As I stepped into my running pants I noticed the scar on my right ankle. A red blotchy heart shaped mark, about the size of a nickel. I grimaced. It was about this time last year and I got that: cut by a piece of glass in the ocean – for some reason it took a long time to heal. I didn’t see that piece of glass and when it cut me I didn’t feel it. Then I got out of the water and my leg was pouring blood.
I thought about that situation and how that cut reminded me of other pains hiding in my life over the last several years – that jagged slice that shredded me and my heart when I was least expecting it.
Oh yes, I have had some seismic hits to my psyche.

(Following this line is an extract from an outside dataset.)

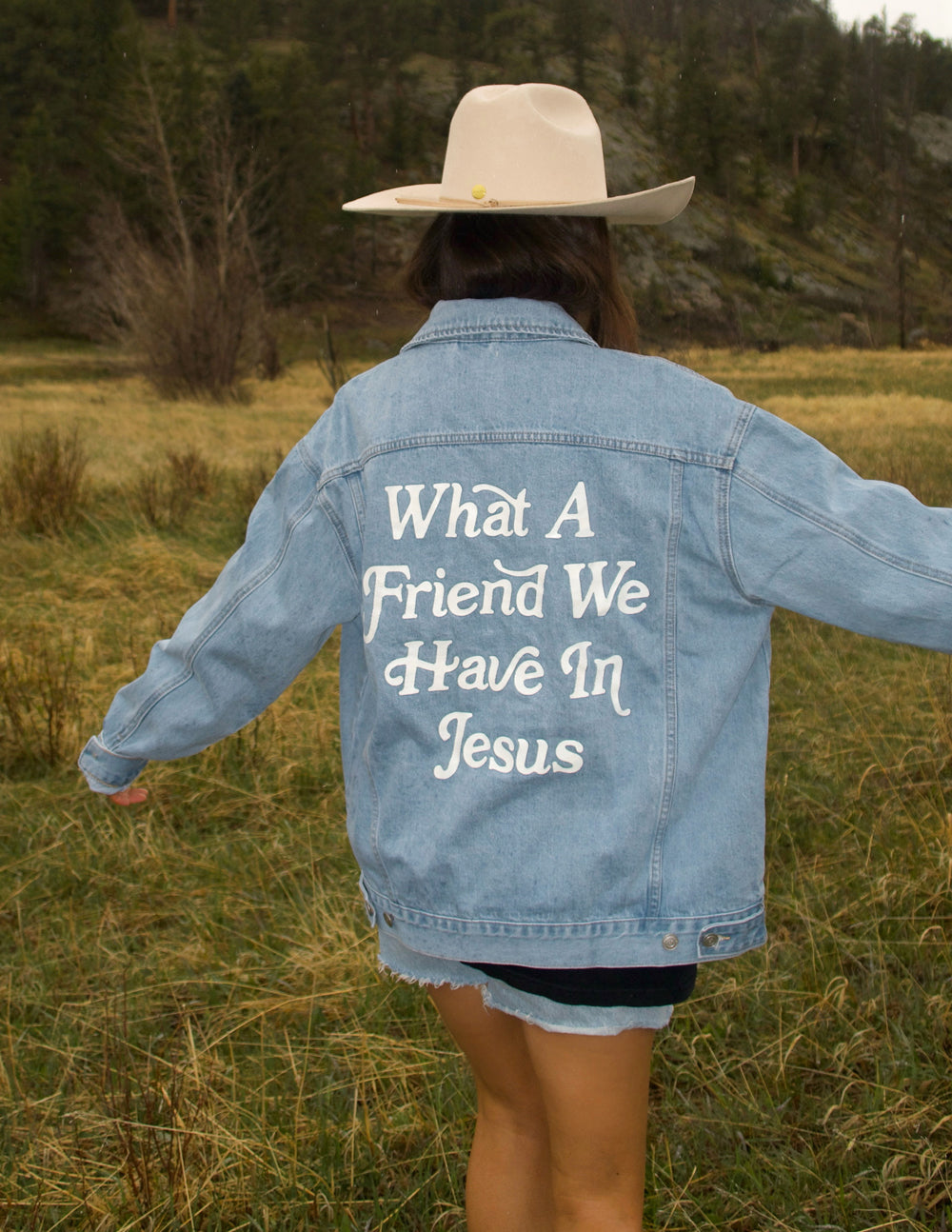 What a Friend In Jesus Denim Jacket by Elevated Faith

From intimate betrayals, to death to serious health issues to financial problems. And like the cut on my ankle, they have left scars – but in places you cannot see.

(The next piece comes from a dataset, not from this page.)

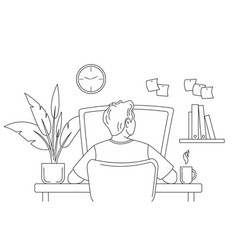 Angry businessman destroying smashing computer Vector Image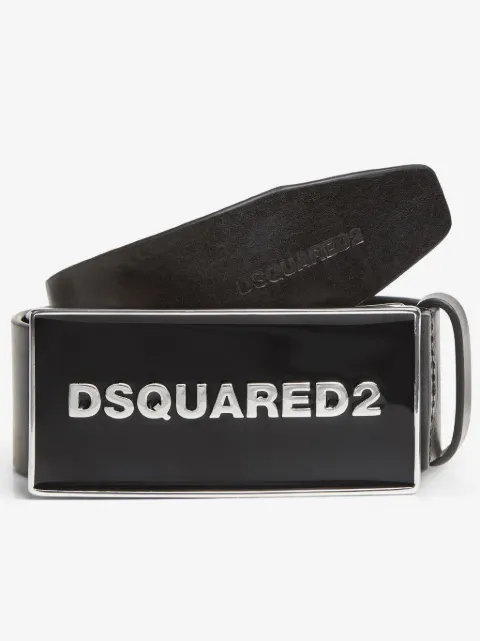 DSQUARED2 cinturón con placa del logo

And though I like you, had happenings in my life that have brought me to my knees and kept me from breathing normally, sleeping well or eating at all, the one thing that did remain constant in my life throughout all of it was God. There were days and there may be some in the future, where I literally could not get off the floor. The pain was too great, my head was exploding and every day was like groundhog day where I could not move beyond replaying my troubles and the damage in my head.
I could not even pray.
But God.
He whispered to me, and reminded me that when I cannot even move to pray, there is one who will do so on my behalf. It is the Holy Spirit who will pray for me when I cannot pray for myself in groanings and utterings that I cannot understand.
It is the Holy Spirit who lives in me, who loves me better, who holds me and knows me and my needs. It is praying to the Holy Spirit in the worst of times of my life that I have truly felt held together and held up. And as I said before there were days where I could not even under a syllable. But, I could call out in my deepest pain and the Holy Spirit heard me.

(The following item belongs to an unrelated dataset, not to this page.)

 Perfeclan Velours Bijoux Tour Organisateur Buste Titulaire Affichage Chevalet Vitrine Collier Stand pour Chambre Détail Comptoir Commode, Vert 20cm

Before I really understood the power of the Trinity, I had a very milquetoast relationship with “a God” I never really understood the power of the Holy Spirit who indwells us.
Friend – whether you are on a mountaintop or truly buried in the valley of your life, if you can barely whisper out the cry of pain and despair, just silently pray to Him who lives in you.
He will answer. Trust that. I am a living testament.
And you, like me will someday look at that scar that sliced you and move on past it. Knowing full well the lesson of the silent prayer that interceded on your behalf. The power of the Holy Spirit is mighty and He will heal you. Again. And again.
Amen and amen.
Thankyou for your posting which reminds me of What a Friend we have in Jesus. May His healing balm continously be applied to your hurting and healing heart.